Do you think IIT Guwahati certified course can help you in your career?
No
Introduction
Redis Time Series is a Redis module that adds a time series data structure to Redis. A time series is a collection of memory bits connected together. Each chunk has a predetermined sample size. Each sample is a 128-bit tuple, with the timestamp and value separated by 64 bits.
Creating a TimeSeries
The TS.Construct command can be used to create a new TimeSeries; for example, run the following: TS to make a timeseries named sense, run the following:
TS.CREATE sense
With the RETENTION option, you can prohibit your timeseries from increasing forever by defining a sample age restriction compared to the last event time. The default retention value is 0, which indicates that the series will not be trimmed.
TS.CREATE sense RETENTION 2678400000
This will create a timeseries called sense and trim it to values of up to one month.
Features
High volume inserts, low latency reads
Query by start time and end-time
Aggregated queries (min, max, avg, sum, range, count, first, last, STD.P, STD.S, Var.P, Var.S, twa) for any time bucket
Configurable maximum retention period
Downsampling/compaction for automatically updated aggregate timeseries
Secondary indexing for time series entries.
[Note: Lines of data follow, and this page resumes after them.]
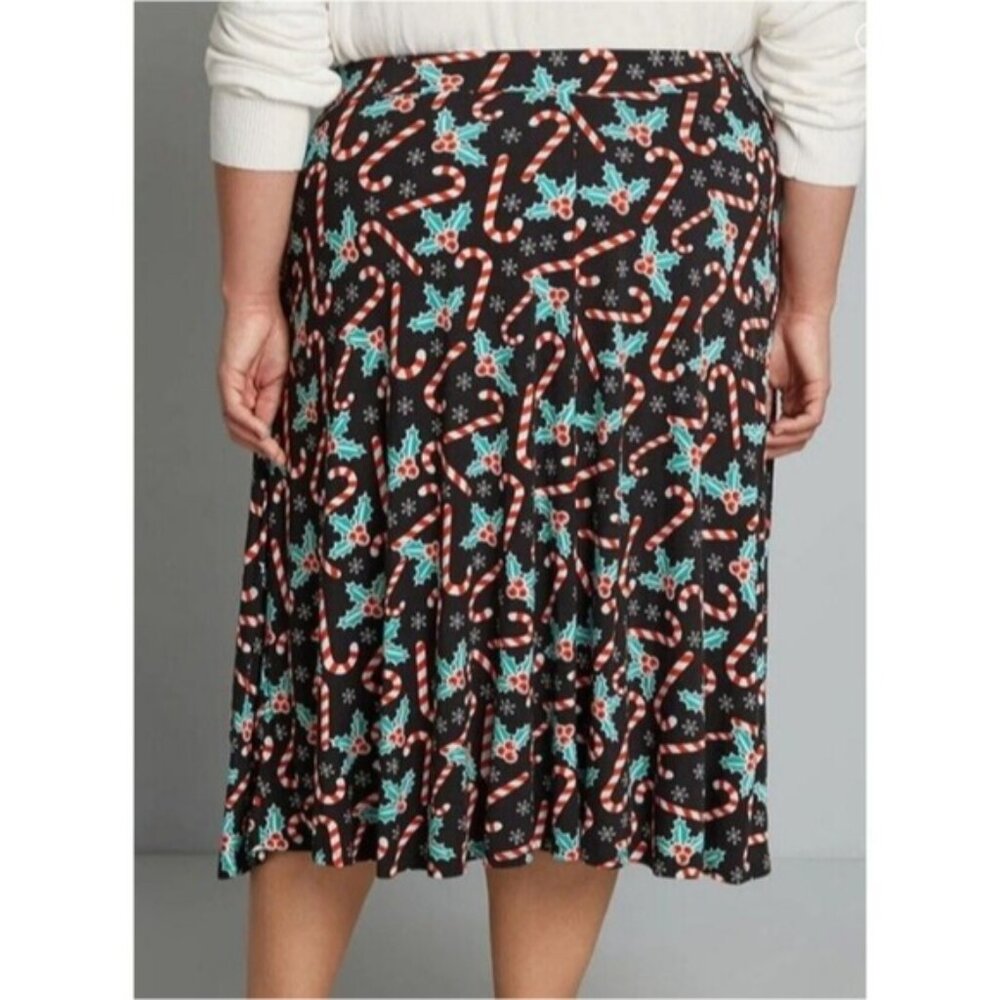 Modcloth Jersey Knit Candy Cane A-Line Skirt Festive Holiday Small New Office - Picture 7 of 8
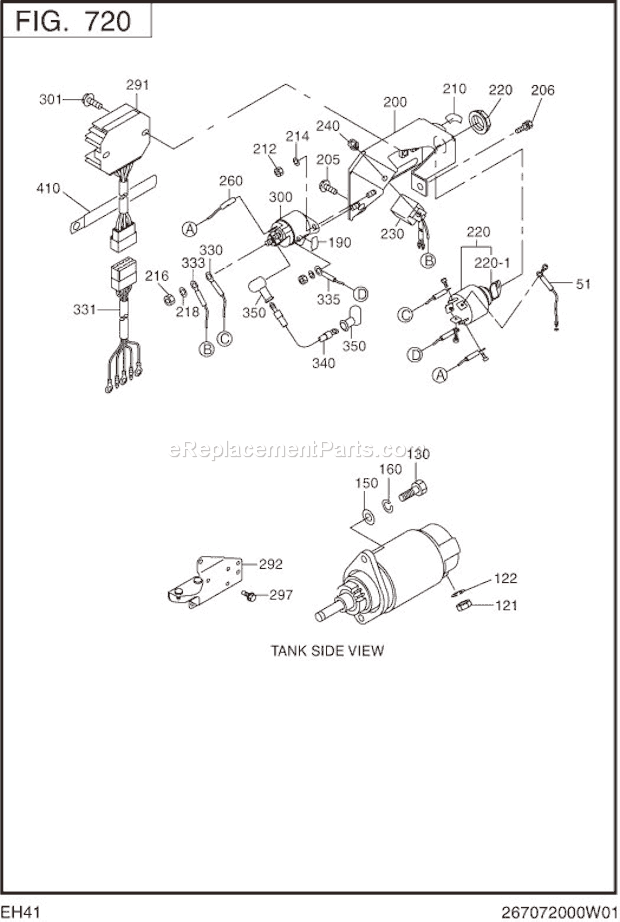 Subaru / Robin EH410DS2340 Engine Starting Motor Diagram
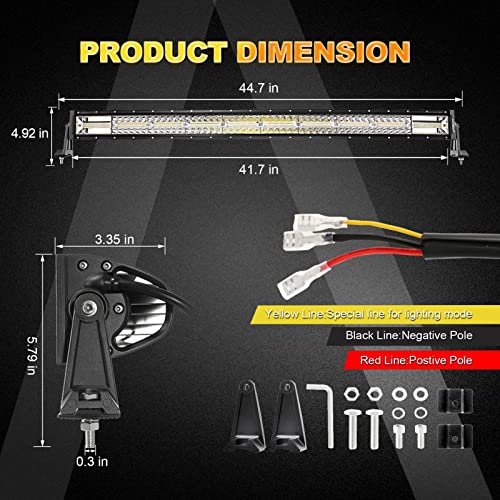 Image of Auxbeam 42 Inch LED Light Bar, 240W Curved Off Road Amber White Combo Beam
Each time series has labels (field value pairs) which will allow querying by labels.
Client libraries
RedisTimeSeries contains a number of client libraries that abstract the API in several programming languages and were built by the module authors and community members.
While using the raw Redis commands API is possible and straightforward, it is usually more convenient to use a client library that abstracts it.
Using other tools metrics tools
In the RedisTimeSeries organization, you can find projects that help you integrate RedisTimeSeries with other tools, including
Prometheus - read/write adapter to use RedisTimeSeries as backend db.
Grafana 7.1+ - using the Redis Data Source.
Telegraph
StatsD, Graphite exports using graphite protocol.
Prometheus
Redis TimeSeries Adapter gets Prometheus metrics through remote write and uses the TimeSeries module to write them to Redis.
To build the project:
make build
cd bin
To send metrics to Redis, provide the address in host:port format.
redis-ts-adapter --redis-address localhost:6379
To receive metrics from Prometheus, Add remote write section to prometheus configuration:
Grafana's Redis Data Source is a plugin that allows users to connect to any Redis database, both on-premises and in the cloud. It includes pre-built dashboards and allows you to create custom dashboards to monitor Redis and application data.
Redis Data Source can be downloaded through the Grafana Marketplace or installed using the grafana-cli command line tool:
Telegraph is a collection, processing, aggregation, and writing agent for metrics. Based on a plugin framework that allows community developers to simply add support for new metric collecting. There are four distinct types of plugins:
Input Plugins gather data from the system, services, and third-party APIs.
Processor Plugins decorate, transform, and filter metrics
A time series is a linked list of memory chunks. Each chunk has a predefined size of samples. Each sample is a 128-bit tuple: 64 bits for the timestamp and 64 bits for the value.
Frequently Asked Questions
Is Redis a timeseries database?
The RedisTimeSeries module makes using Redis for time-series applications like IoT data, market prices, and telemetry much easier. You may consume and query millions of samples and events at the speed of Redis with RedisTimeSeries.
What is the Redis time series?
A time series is a collection of memory bits connected together. Each chunk has a predetermined sample size. Each sample is a 128-bit tuple, consisting of 64 bits for the timestamp and 64 bits for the value.
Is Redis good for real-time?
With streaming technologies, Redis can be used as an in-memory data storage system like Apache Kafka and Amazon Kinesis to ingest, process, and analyze real-time data with sub-millisecond latency. For real-time analytics use cases, including social media analytics, ad targeting, personalization, and IoT, Redis is an excellent solution.
Conclusion
In this article, we have extensively discussed the way of adding Time Series API with Redis stack.
We hope that this blog has helped you enhance your knowledge regarding Time Series API with Redis stack.